Many groups within Myanmar, however, agree with the government’s assertions that the RSO is present. Representatives from the Arakan Liberation Party and the Myanmar Peace Center have told
The Myanmar Times that they have credible reports of RSO activity near the border area.
U Aung Win, a Muslim activist and community organiser based in Sittwe, said last week he believes the government is using the perceived RSO threat to increase military strength near Muslim communities in northern Rakhine State and isolate them further from the rest of the state.
While the RSO presence is difficult to confirm, most observers agree that crime is a growing problem on the border.
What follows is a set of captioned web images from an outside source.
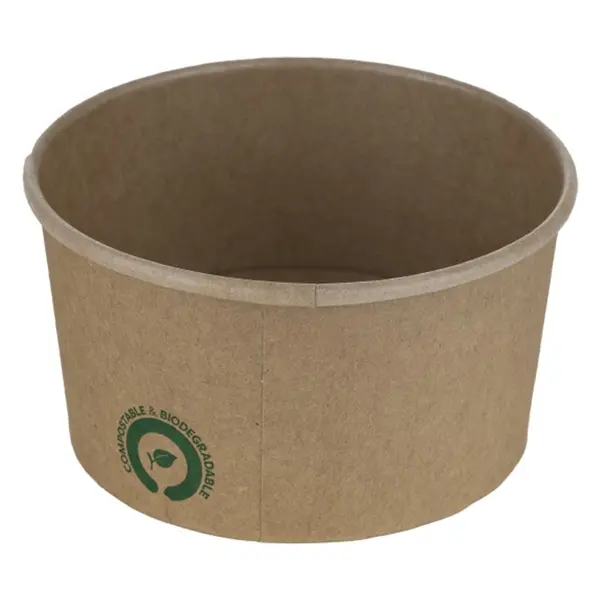 Boluri Carton, Biodegradabile, Compostabile PLA Kraft, Diametru 86 mm, 160 ml, 50 buc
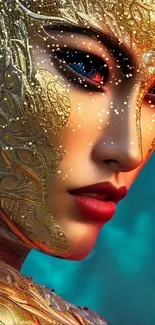 Futuristic portrait with gold mask and blue background.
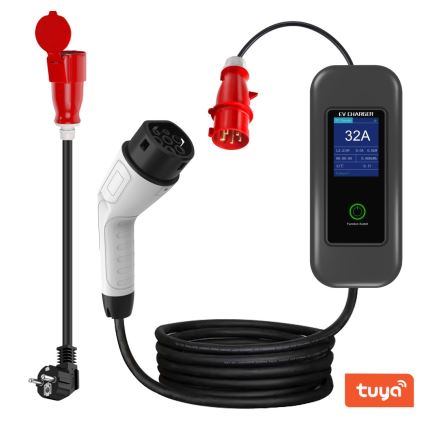 Immax - EV resladdstation för elbilar AC Type 2 32A/380V 22kW + kontakt 230V 5m Wi-Fi Tuya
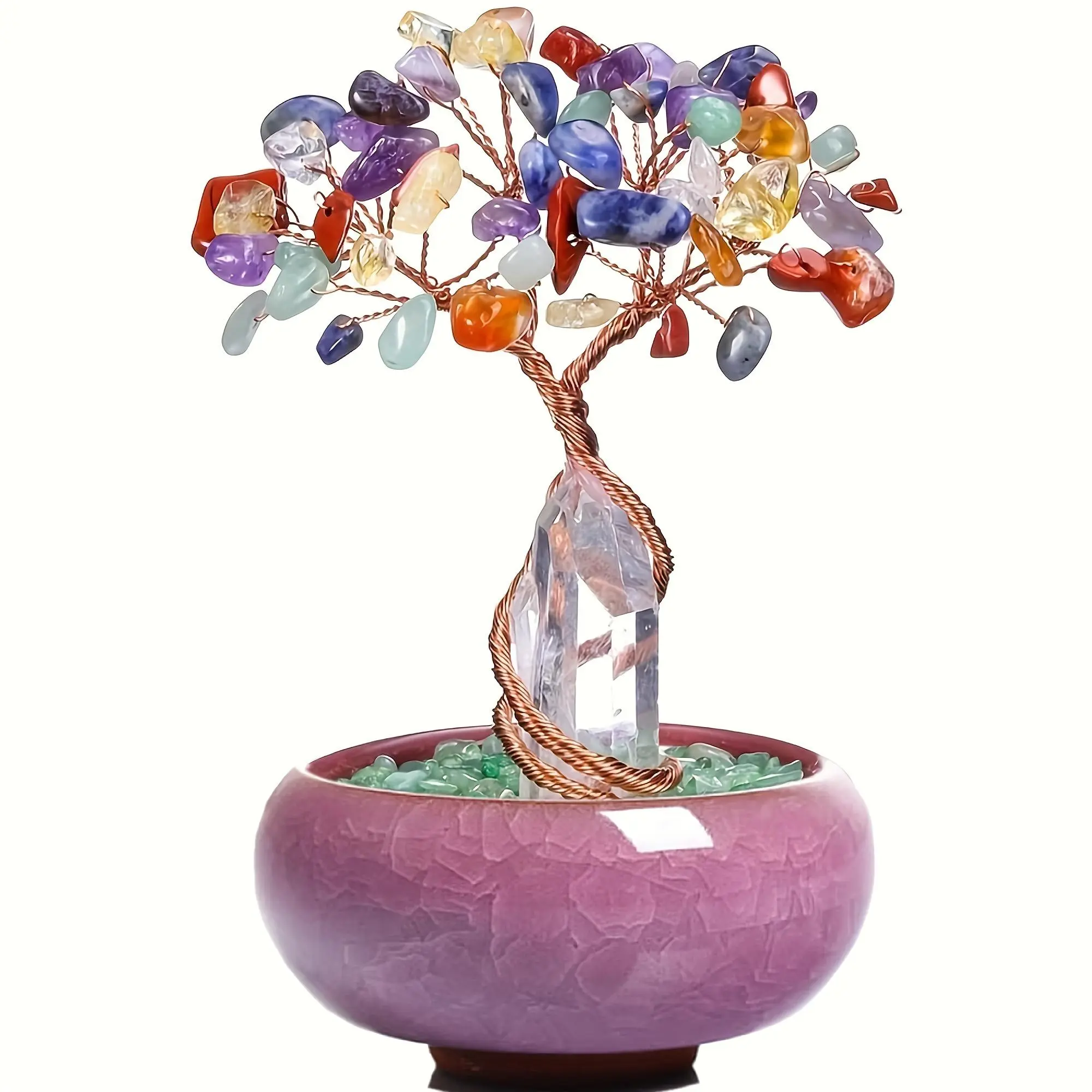 Colorful Crystal Tree Ornament - Minimalist Hand-Made Ceramic Base with Mixed Natural Chakra Loose Gemstones, Table Desktop Decor, Housewarming Valentine Christmas Spiritual Gift Souvenir #SummerWins #DealsForYouDays, Boxed Set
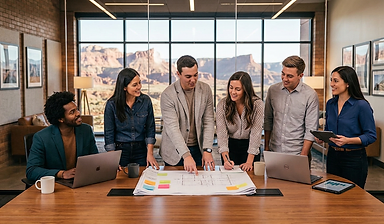 Team collaborating around a conference table in a bright office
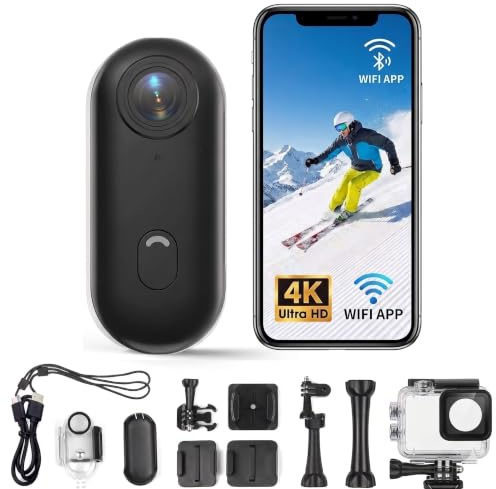 Mini Camera Sport 4K Body Cam POV Action Camera 360 Gradi Rotante e Clip Magnetica impermeabile 170° Grandangolo Cam Portatile per Vlogging Velo Moto Registrazione Audio e Video, Accessorio Multi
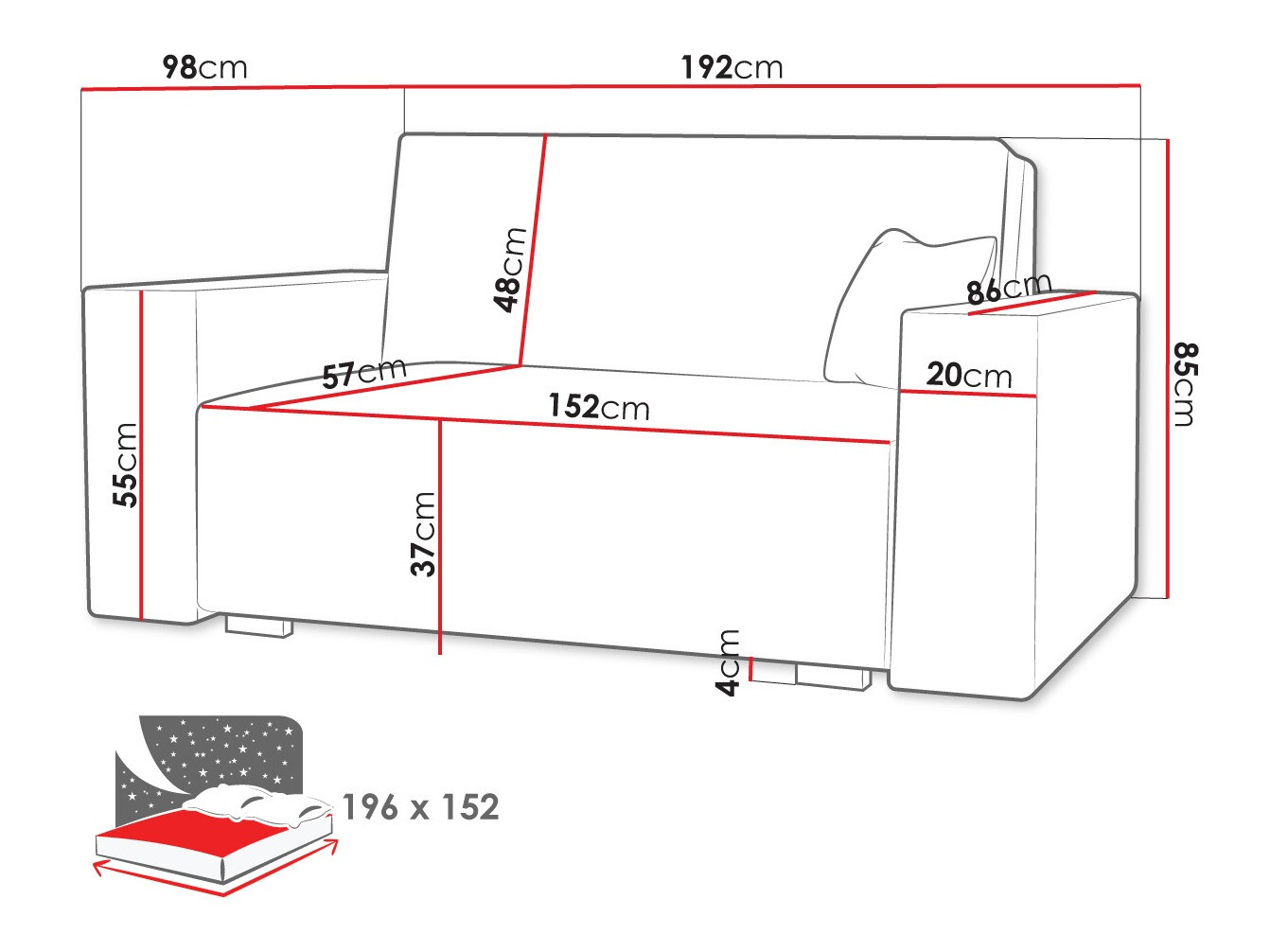 Diivanvoodi Columbus 197 (Neve 3)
The UNODC in Yangon has described smuggling along the Bangladesh border as a “serious and growing concern”, while Bangladeshi journalist Saiful Huq Omi said in a recent interview that criminal activity in the area is “getting to be huge”.
Though practical questions remain about how the two sides will implement their new agreements, Nicholas Farrelly, a research fellow from Australian National University who recently visited Bangladesh and writes regularly on Myanmar, said the discussions could be the launching point for long-term dialogue. He said such dialogue is necessary to avoid the escalation of tensions when disputes arise.
“The difficulty is that along the Bangladesh-Myanmar border there are likely to be flare-ups and skirmishes from time to time. None of Myanmar's borders are immune from such sporadic, low-level security crises,” Mr Farrelly said. “Myanmar and Bangladesh needn't be enemies but deliberate efforts will need to be made to build goodwill and trust in the long term.”